* _Extracted data_

....

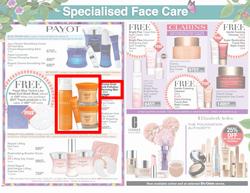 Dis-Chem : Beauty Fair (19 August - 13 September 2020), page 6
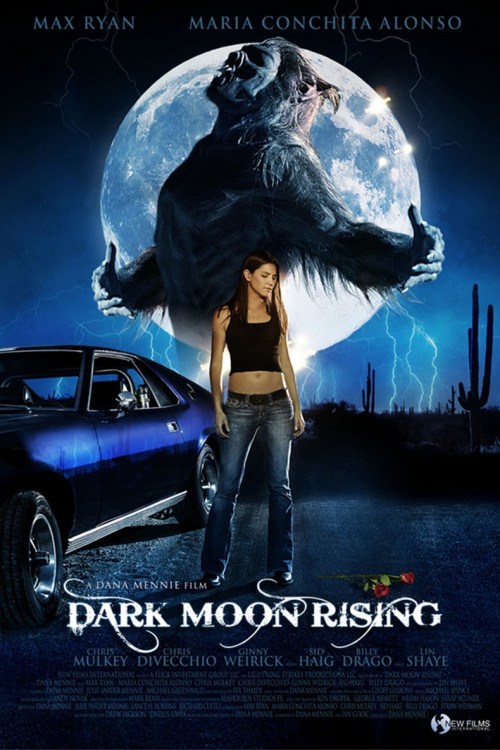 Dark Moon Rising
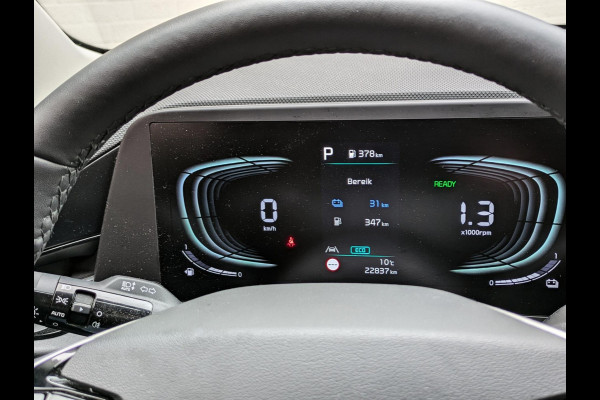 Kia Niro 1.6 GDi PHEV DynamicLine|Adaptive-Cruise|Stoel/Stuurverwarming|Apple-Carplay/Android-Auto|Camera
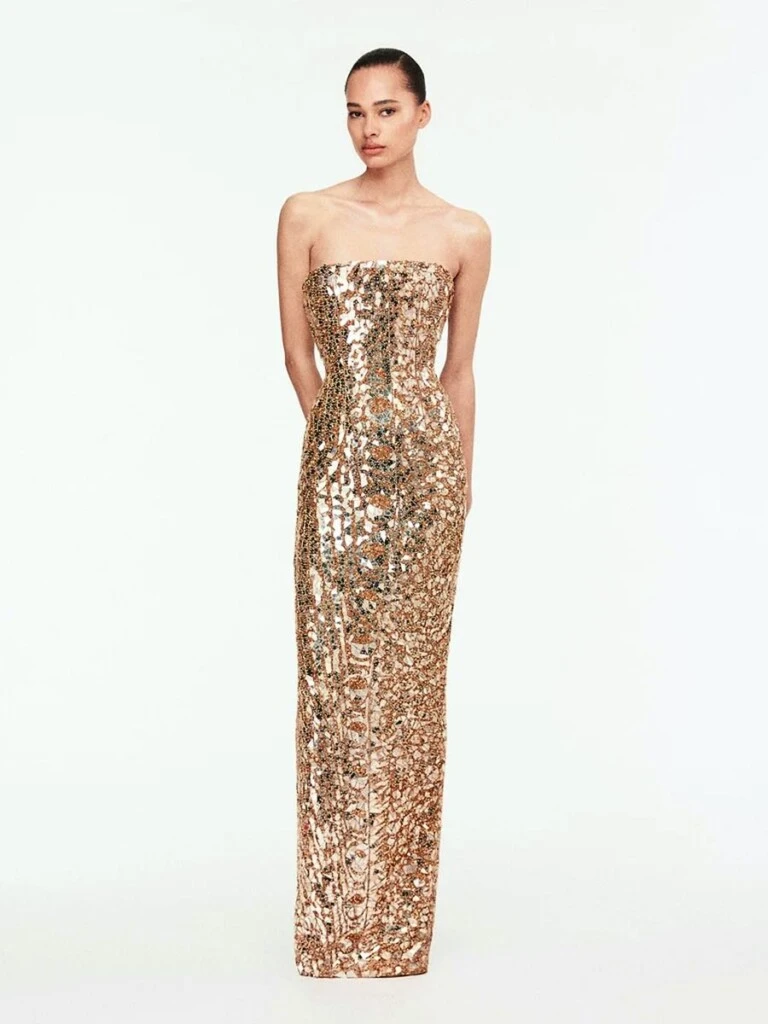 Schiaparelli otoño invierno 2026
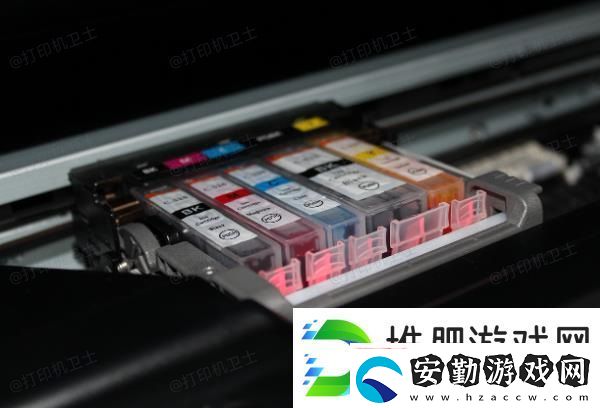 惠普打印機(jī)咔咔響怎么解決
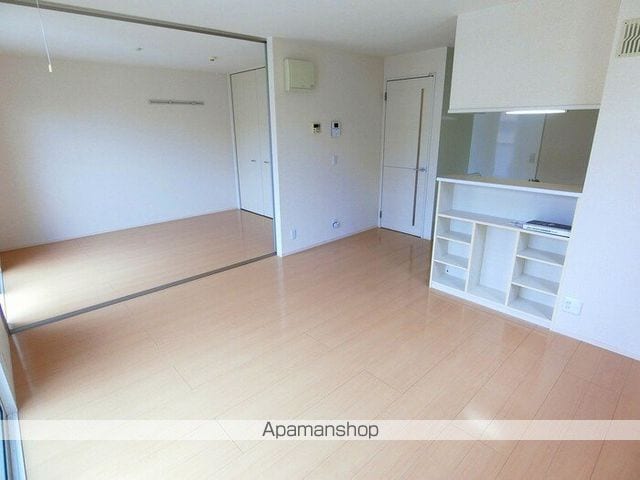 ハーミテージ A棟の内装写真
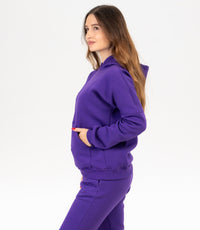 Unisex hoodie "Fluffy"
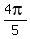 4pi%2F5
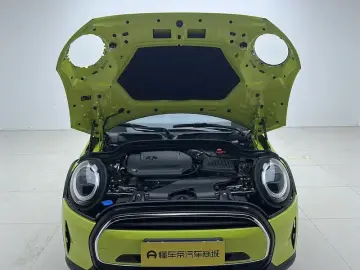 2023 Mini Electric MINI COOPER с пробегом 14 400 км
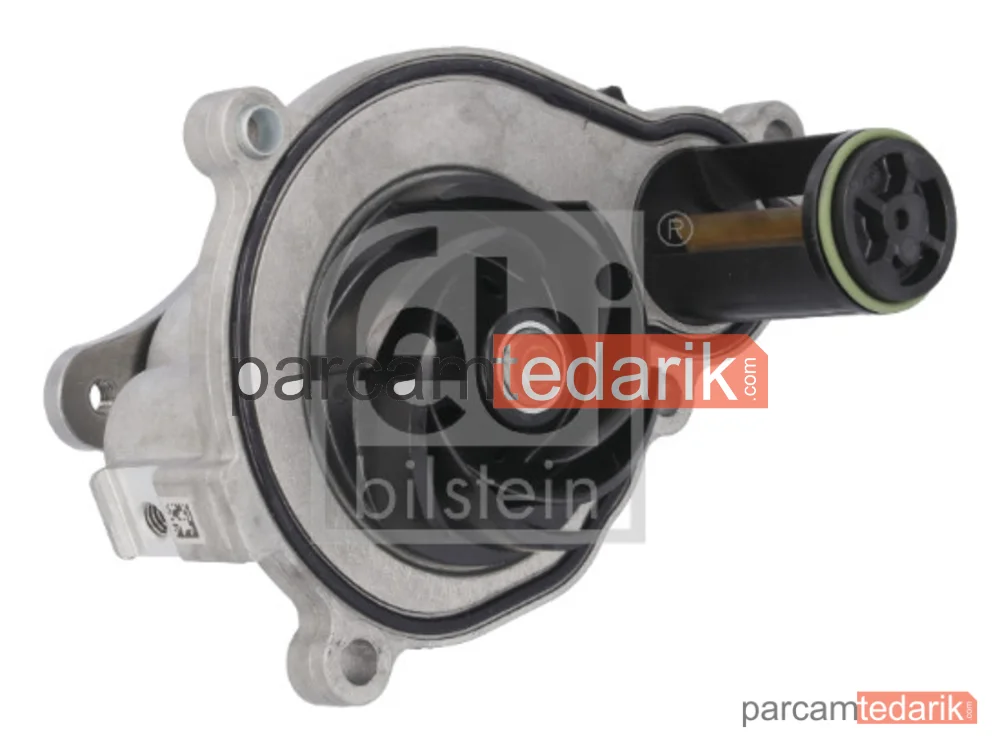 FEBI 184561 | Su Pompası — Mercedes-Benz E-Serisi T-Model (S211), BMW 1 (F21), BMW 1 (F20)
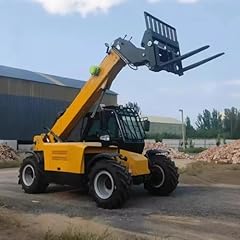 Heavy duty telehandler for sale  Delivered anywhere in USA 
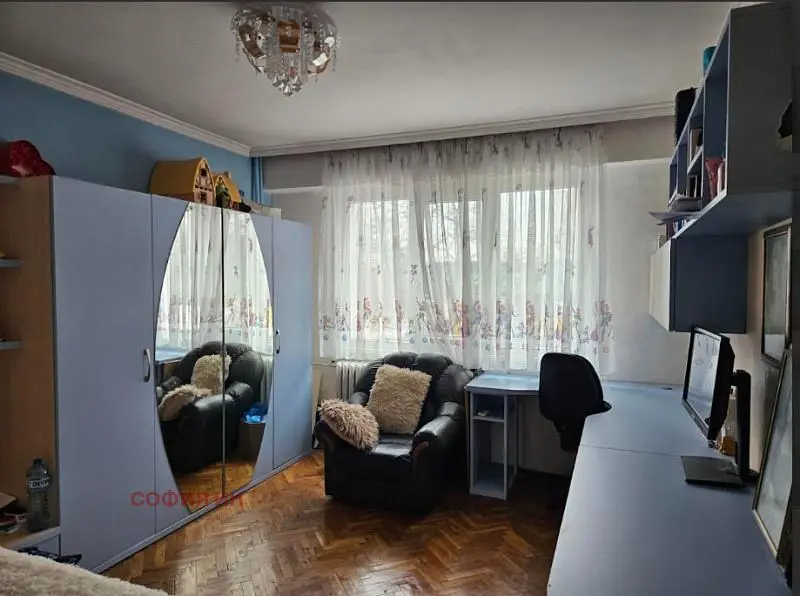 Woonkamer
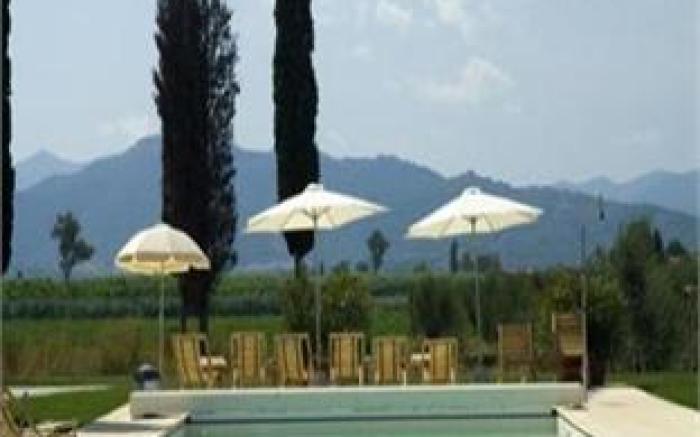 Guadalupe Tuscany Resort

....

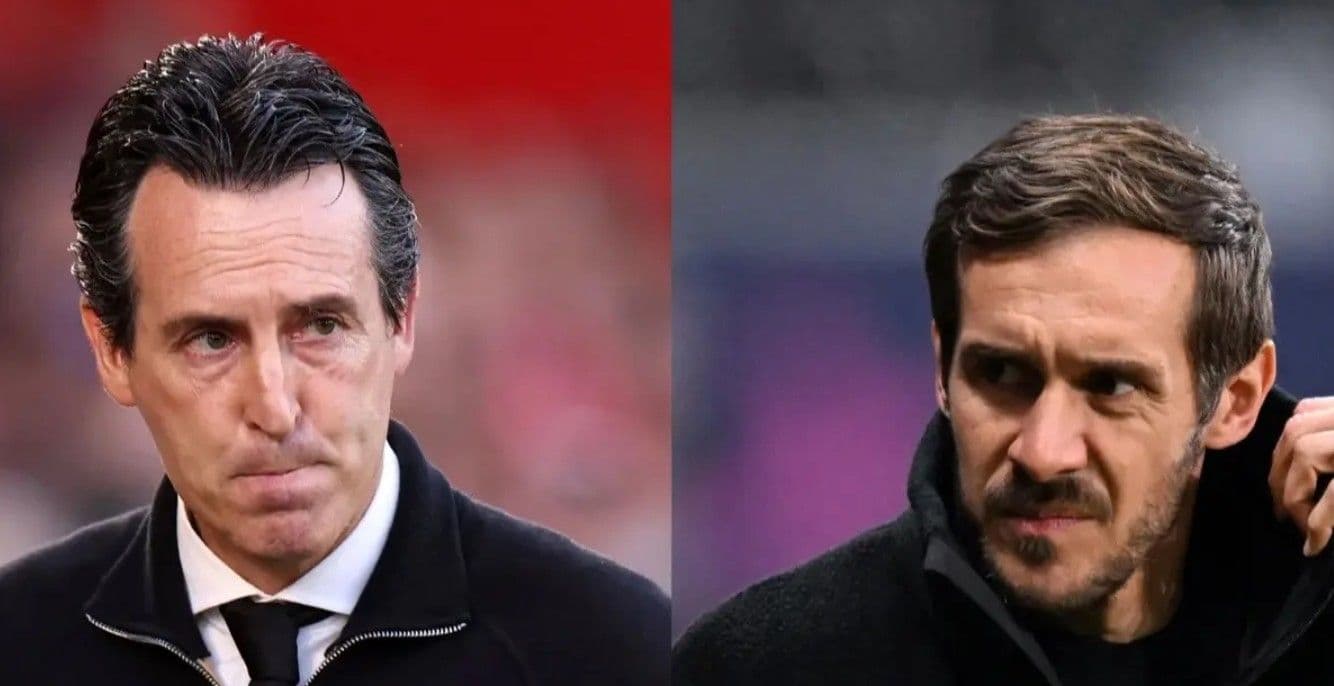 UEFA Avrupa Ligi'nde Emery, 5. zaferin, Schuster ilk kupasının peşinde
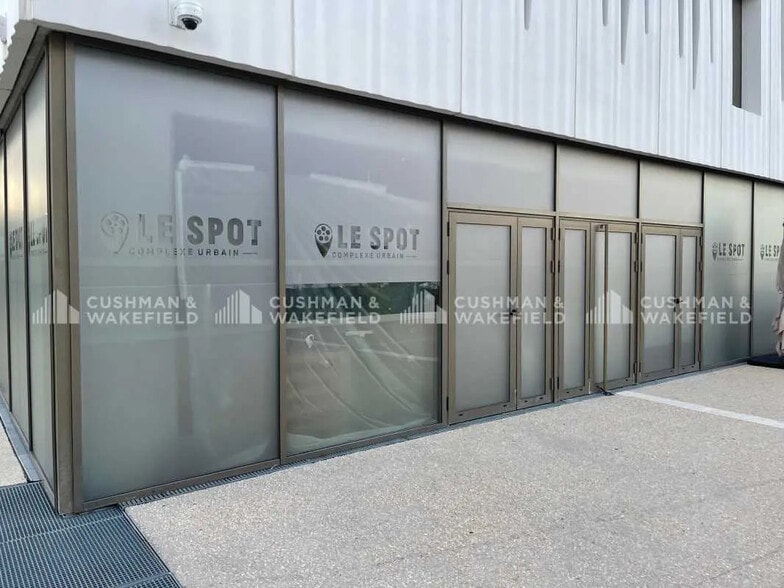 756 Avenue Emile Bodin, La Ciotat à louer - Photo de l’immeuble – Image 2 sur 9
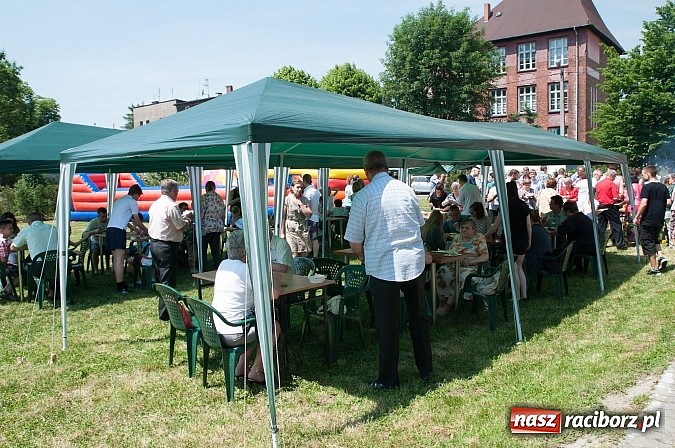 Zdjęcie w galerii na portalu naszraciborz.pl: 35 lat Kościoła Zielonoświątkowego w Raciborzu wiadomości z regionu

....

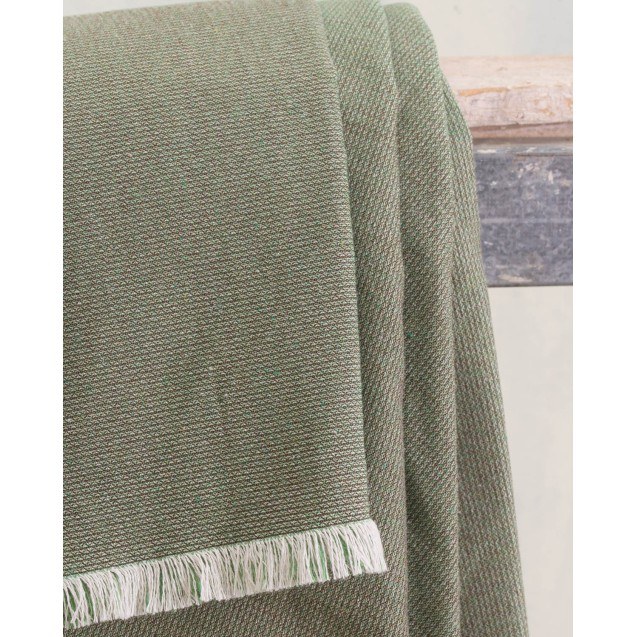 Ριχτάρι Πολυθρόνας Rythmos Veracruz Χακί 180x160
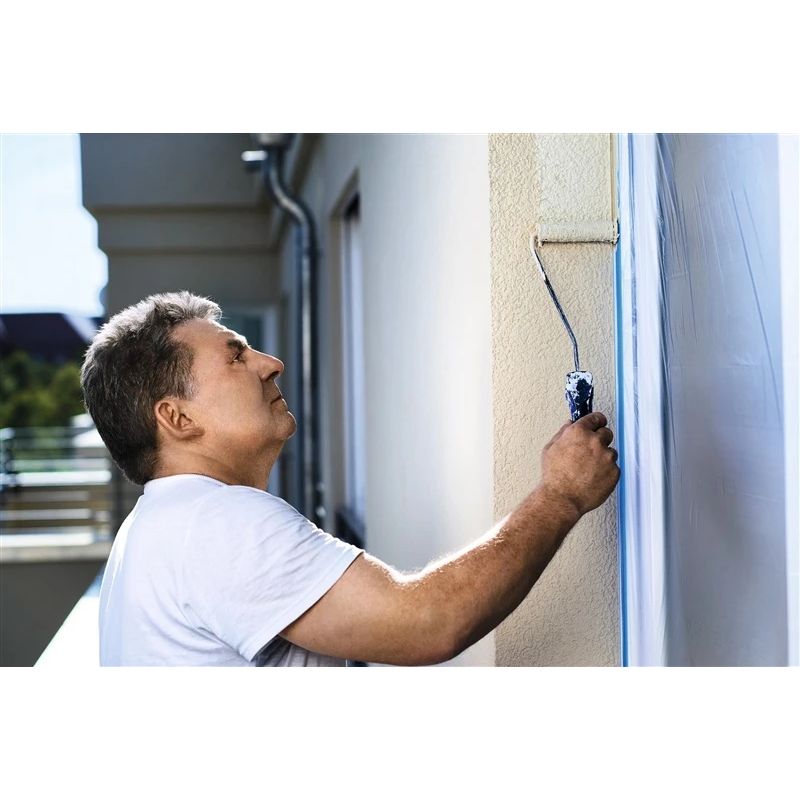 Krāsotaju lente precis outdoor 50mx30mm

....

* _Brief_
Every line above between the one containing "2023 Mini Electric" and the one containing "Guadalupe Tuscany Resort", those two included, is to be printed exactly. No pictures go into the copy.

* _Answer below_
 2023 Mini Electric MINI COOPER с пробегом 14 400 км
 FEBI 184561 | Su Pompası — Mercedes-Benz E-Serisi T-Model (S211), BMW 1 (F21), BMW 1 (F20)
 Heavy duty telehandler for sale  Delivered anywhere in USA 
 Woonkamer
 Guadalupe Tuscany Resort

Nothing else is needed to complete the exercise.